I love my writers’ group. I’ve probably said that so often, you’re sick of hearing about it. But I’m back to work on my mystery, and I finally read the first chapter to them on Wednesday. I’ve rewritten the stupid thing so often, I was happy with the content, but I’d lost all feel for it. And, as always, they let me know what worked and what didn’t.
When I start a book, I’m in plot and character mode, and I have to concentrate on description. I never get enough in there, so I have to go back and add it. Now, in our group, each person has their niche of what they nail best in critiques. Mary Lou is a whiz at word choice and hooks, adding backloading for each paragraph and the ends of chapters. Kathy Palm–a YA author–makes me think about emotions and description. There were a dozen people there on Wednesday, and each person gave me good feedback. I left my chapter at a happy place–a stupid thing for an author to do for the first chapter. You want a hook to encourage the reader to turn the page and read chapter two. So I fixed that.
On Thursday, I rewrote the entire thing, and it’s LOTS better than it was. Thanks to Scribes. It might even be good enough to survive the entire manuscript. I’m pretty happy with it. I admit, though, I go back over and over again to tinker with my first chapter, so it might change again.
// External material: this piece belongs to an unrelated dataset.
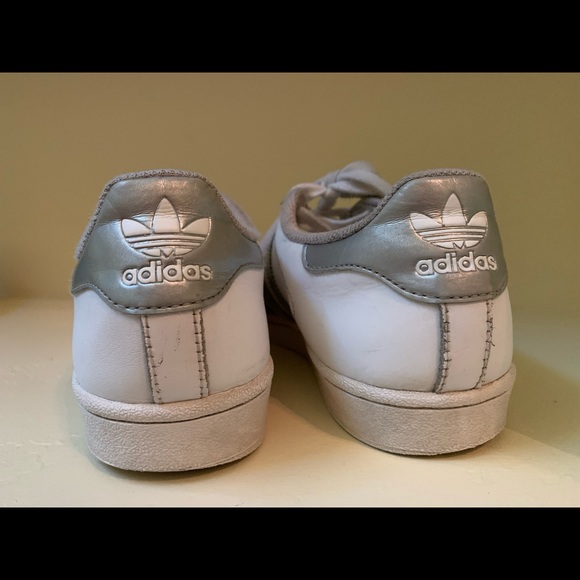 Adidas Superstar women’s sneakers -6 1/2 - Picture 13 of 16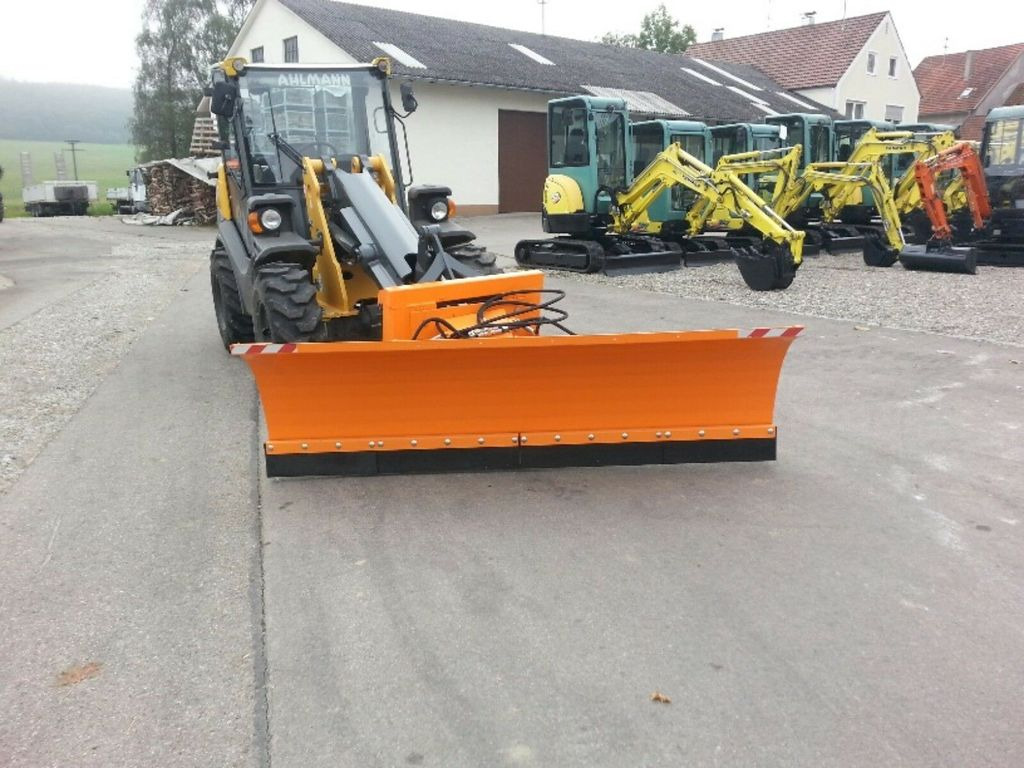 Kramer Schneeschild 2,6m 750, 5075, 850, 950, 1150 - Sniega arkls - Komunālā/ Specializētā tehnika: foto 1 Kramer Schneeschild 2,6m 750, 5075, 850, 950, 1150 - Sniega arkls - Komunālā/ Specializētā tehnika: foto 1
The whole process made me think, though. Even when I read books, I tend to reread most of the first chapter again. What do I look for in them? Characters I care about. That’s probably as important to me as everything else. Sure, I need a hint of what the book’s problem is going to be, but I don’t mind slow starts. As long as I have a character I care about and a hint of where I’m going, I’ll keep reading.
I just picked up two new authors to ME. Almost everyone else in the world has read John Grisham, but I’m not a fan of lawyer books, so I’ve avoided him. Except he’s been around long enough, I thought I might want to give him a try. So I picked up Sycamore Row and read the first few pages in the book store. Then I bought it. Why? I liked his writing style and his voice. Yes, he started–bam!–with an intriguing hanging. But that, in itself, wouldn’t hook me. It was his choice of characters that reeled me in.
The other book I chose is a good, old, 1811 London mystery. with all of the fog and cobbled streets that go with that era–WHERE ANGELS FEAR by C. S. Harris. The book starts with a prologue–a beautiful, young woman walking into a trap, and you know she’s going to die. It brought back wonderful, fond memories of Martha Grimes’s pub mysteries and her fabulous prologues. I love them, but I kept going and read the first chapter of the book to see if I wanted to read more. This sounds cruel, but it’s easy to kill a person in a dramatic fashion. It’s harder to keep the rest of the book interesting. And I liked Harris’s main character so much, I started her book first and I’m waiting to give Grisham a go. (My daughter’s reading that book, though, and she’s loving it).
In both books, the first chapter ends wih a mesmerizing line. C. S. Harris ends with He’d promised Melanie he wouldn’t kill her husband. But she hadn’t said anything about not making the bastard suffer.
The other thing that intrigues me in a first chapter, I have to admit, is the setting. It can be mundane, as long as it offers something a little unusual. For Harris’s book, she says, “She blamed the fog. She wasn’t normally this nervous. This afraid.” A great hook. But Jenna Bennett sets her Savannah Martin series in Nashville, Tennessee and makes her small town of Sweetwater, an hour away, sound intriguing because she grew up there and knows almost everyone. The setting becomes personal.
For my chapter, I tried to include a great main character, some interesting side characters, a Midwest setting, and a story question that would pull you in. And some humor. What hooks you when you pick up a book?
It’s cold in Indiana. I hope you can hibernate as much as possible. Happy writing! And happy reading!